Dengan menerapkan PPN, Yusuf mengatakan, produk lokal memilik kesempatan untuk meningkatkan daya saing di mata masyarakat. Sebab, apabila dibandingkan beberapa produk e-commerce, konsumen akan mendapati hasil yang relatif terjangkau untuk produk impor dengan kualitas yang sama. Oleh karena itu, tidak heran barang e-commerce impor membanjiri di Indonesia.

Nantinya, Yusuf mengatakan, penerimaan tersebut dapat digunakan untuk meningkatkan daya saing industri lokal. Misalnya, melalui pemberian subsidi listrik kepada para pelaku usaha. 

"Selama ini, industri masih sering merasa terbebani dengan tarif listrik yang kurang terjangkau"  tuturnya.

Selain itu, Yusuf menambahkan, pemerintah juga harus segera menerapkan sistem real time bea impor yang terintegrasi ke sistem e-commerce untuk pembayaran. Upaya ini memudahkan pemerintah dalam tracking data perdagangan niaga secara riil di Indonesia.

Berdasarkan Peraturan Menteri Keuangan (PMK) Nomor 112 Tahun 2018 tentang Ketentuan Impor Barang Kiriman, pemerintah membebaskan (de minimis value) bea masuk atas barang impor dengan nilai tidak melebihi 75 dolar AS per orang per hari. Atau, setara dengan Rp 1,05 juta (kurs Rp14 ribu per dolar AS). Artinya, masyarakat yang berbelanja di bawah nominal itu mendapatkan fasilitas bebas bea masuk.

Pemerintah melalui Direktorat Jenderal Bea dan Cukai Kementerian Keuangan (DJBC Kemenkeu) kini melakukan kajian mengenai kemungkinan perubahan batas nilai barang impor via e-commerce yang bebas bea masuk.

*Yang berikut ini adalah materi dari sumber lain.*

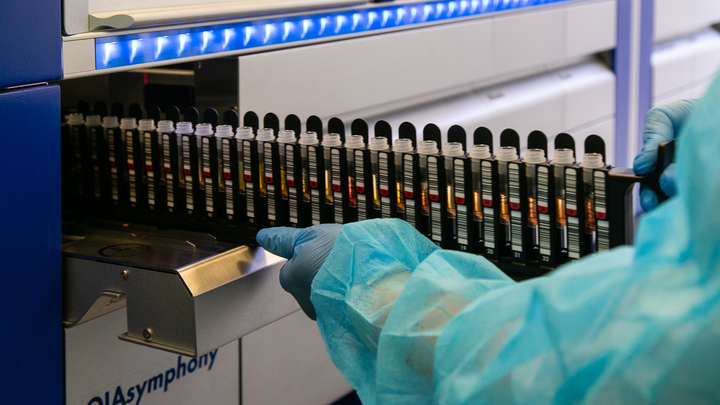 Частная лаборатория в Челябинске сообщила о цене теста на COVID-19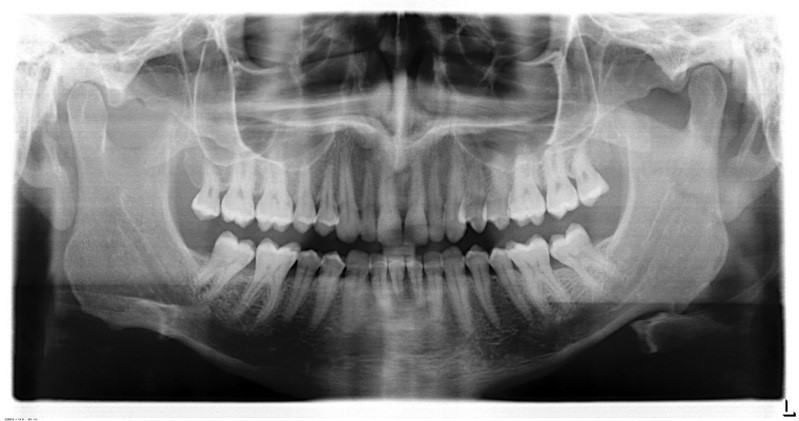 Panoramic X-rays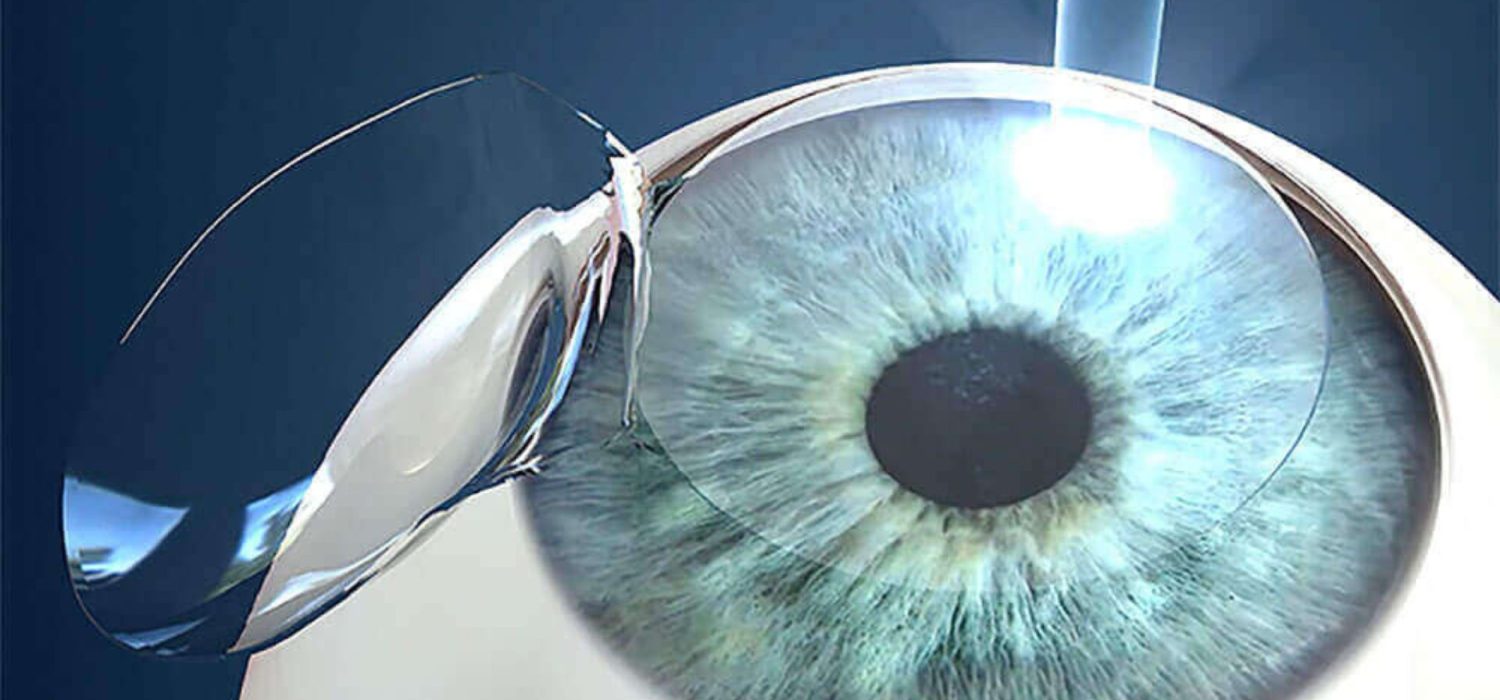 lasik-laser-enlever-lunettes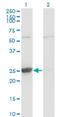 Thymidine Kinase 1 antibody, H00007083-M06, Novus Biologicals, Western Blot image 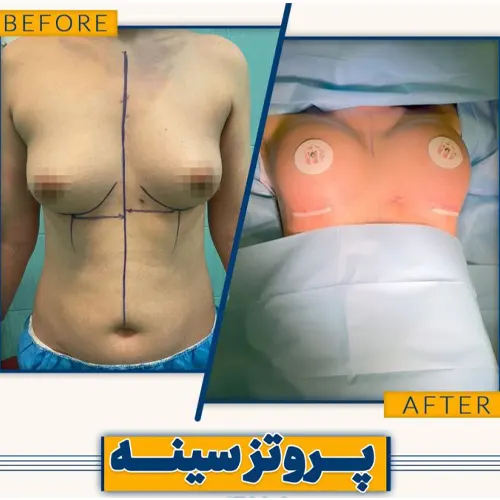 نمونه کار جراحی زیبایی پروتز سینه|دکتر علیرضا نگهی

Direktur Kepabeanan Internasional dan Antar Lembaga Bea dan Cukai DJBC Kemenkeu Syarif Hidayat mengatakan, kebijakan ini guna melindungi industri kecil dan menengah (IKM) yang terpukul akibat peningkatan impor barang kiriman "Makanya, kami mengkaji hal tersebut (perubahan batas nilai barang impor e-commerce)," ucapnya ketika dihubungi Republika.co.id, Ahad (22/12).

Selain IKM, retailer yang mengimpor barangnya secara normal dan membayar pajak juga diketahui terkena dampak. Pasalnya, kebijakan de minimis value tersebut dimanfaatkan sejumlah pihak dengan mengimpor barang secara terpisah-pisah, seperti melalui jasa titipan (jastip). Jasa ini juga dilakukan tanpa membayar pajak.

Syarif memastikan, kajian perubahan ini akan menampung masukan dari berbagai pihak. Tapi, menurutnya, desakan agar de minimis value untuk dihilangkan sulit terjadi. Sebab, di undang-undang kepabeanan sudah ada pengaturan tersebut. "Paling memungkinkan saat ini ya diturunkan," katanya.

Sementara itu, Wakil Ketua Umum Kamar Dagang dan Industri (Kadin) Bidang Perdagangan Indonesia Benny Sutrisno meminta, perubahan de minimis value dapat segera diselesaikan dan diterapkan. Sebab, impor barang kiriman melalui platform e-commerce kini terus bertambah hingga dikhawatirkan akan mengganggu industri nasional, terutama IKM.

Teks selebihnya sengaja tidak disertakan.